По мнению Чаадаева, отставание России от Запада в первую очередь предопределялось ложным конфессиональным выбором. Он осуждал распад христианства на две ветви – западную и восточную, а легитимным считал лишь институт папства, ведущий свое начало от апостола Петра. Третье и четвертое «Философические письма», также предполагавшиеся к публикации в «Телескопе», развивали ход мысли, предложенный в первой статье цикла, перенося акцент с истории и политики на науку, мораль и человеческую свободу, получавшие обоснование в строго христианском ключе, но уже вне жесткой оппозиции между православием и католицизмом. В том же направлении развивалась мысль французского философа Ф. д’ Экштейна, перевод одной из глав книги которого «О вере, ее развитии и отношений с наукой» Надеждин с подачи Чаадаева поместил в «Телескопе». Д’ Экштейн стремился построить синтетическую науку на фундаменте христианской философии[348]
. Аналогичным образом сам журналист рассуждал в рецензии на «Основания физики» М. Г. Павлова: «Благо науке, когда она воспитывает, укрепляет, проясняет в нас чувство веры, единственное звено связующее нас с небом, где наша отчизна, где наше последнее прибежище и успокоение!»[349]Впрочем, христианское направление признавалось значимым не только для ученой сферы. В сентябре 1836 г. Надеждин напечатал перевод обширной статьи французского литератора Э. Фальконе «О нравственном образовании народа во Франции»[350]

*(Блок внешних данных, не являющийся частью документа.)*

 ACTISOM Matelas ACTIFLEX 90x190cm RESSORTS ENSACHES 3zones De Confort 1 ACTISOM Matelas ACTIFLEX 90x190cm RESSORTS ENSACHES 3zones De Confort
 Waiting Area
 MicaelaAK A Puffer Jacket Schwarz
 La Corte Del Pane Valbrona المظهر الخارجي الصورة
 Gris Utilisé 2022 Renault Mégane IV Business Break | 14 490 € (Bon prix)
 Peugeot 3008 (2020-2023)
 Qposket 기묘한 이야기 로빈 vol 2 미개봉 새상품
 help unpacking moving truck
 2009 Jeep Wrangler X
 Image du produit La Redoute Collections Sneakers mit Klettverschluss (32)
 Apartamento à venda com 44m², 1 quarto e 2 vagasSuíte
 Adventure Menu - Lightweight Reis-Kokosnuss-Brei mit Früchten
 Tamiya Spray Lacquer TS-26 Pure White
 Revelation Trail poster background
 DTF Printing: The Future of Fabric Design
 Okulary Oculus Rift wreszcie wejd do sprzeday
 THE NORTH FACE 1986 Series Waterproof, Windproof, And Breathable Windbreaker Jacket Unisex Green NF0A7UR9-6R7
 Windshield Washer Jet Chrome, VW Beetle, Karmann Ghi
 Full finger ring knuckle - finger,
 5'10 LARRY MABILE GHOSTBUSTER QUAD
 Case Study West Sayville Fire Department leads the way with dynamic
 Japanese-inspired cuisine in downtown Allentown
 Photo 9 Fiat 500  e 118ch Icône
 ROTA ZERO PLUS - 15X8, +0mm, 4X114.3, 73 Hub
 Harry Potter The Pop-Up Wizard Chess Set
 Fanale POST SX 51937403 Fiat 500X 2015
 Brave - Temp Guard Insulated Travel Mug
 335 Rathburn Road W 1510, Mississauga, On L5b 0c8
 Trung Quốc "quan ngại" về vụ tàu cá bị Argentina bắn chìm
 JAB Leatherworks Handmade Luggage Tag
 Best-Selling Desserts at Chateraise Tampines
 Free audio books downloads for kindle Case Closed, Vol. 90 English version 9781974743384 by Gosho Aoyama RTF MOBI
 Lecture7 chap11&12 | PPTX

. Фальконе констатировал, что современное французское общество было охвачено кризисом, и намечал пути выхода из него. Подобно Чаадаеву, он писал, что заметный в массах упадок нравственности прежде всего связан с ослаблением веры[351]. Противостоять этой тенденции правительству следовало с помощью обширных просветительских и образовательных программ под знаком «любви», «покорности» власти и чувства нравственного достоинства. Источник любви надлежало искать в Евангелии; «власть, необходимая связь слабого с сильным» выражалась «в образе правления и законах, поддерживается повиновением и порядком»[352]; чувство нравственного достоинства исходило от Бога и коренилось в совести индивида. В нелегкой борьбе с безверием государственная администрация нуждалась в помощи «просвещенных миссионеров»[353]. Так образование становилось миссией в чисто христианском смысле слова.Статью Фальконе дополняла еще одна публикация «Телескопа» – «Университет на бумаге, без чтений, без классов, без студентов», авторство которой, вероятно, принадлежало самому Надеждину. Под «университетом на бумаге» имелся в виду периодический сборник «L’Université catholique, recueil religieux, philosophique, scientifique et littéraire», основанный в том же 1836 г. известными католическими публицистами О. Ф. Жербэ, Л. А. де Салинисом и Ш. де Монталамбером. Новый «университет» предполагалось строить исключительно на христианских основаниях, что вызвало энтузиазм Надеждина[354]
. Добрая половина материала была посвящена курсу, который читал Монталамбер, – «ученой и гражданской истории веков католических». Смысл концепции Монталамбера состоял в том, что католичество является поливалентной конфессией, способной преодолеть национальные барьеры и синонимичной христианству как таковому, в отличие от протестантизма, который, собственно, и воздвиг границы между народами. Национальные общности существовали, но противоречия между ними разрешались с помощью «вечного разнообразия в… высоком единстве» христианства[355]. Католицизм в осенних публикациях «Телескопа» 1836 г. представал не только в функции самой легитимной христианской конфессии в историческом смысле, но и как источник наиболее передовых достижений западной цивилизации. С одной стороны, он подводил религиозный фундамент под научную и образовательную деятельность, с другой – был совершенно безвреден в политическом смысле, поскольку основывался на принципе подчинения человеческой воли Богу и светской власти.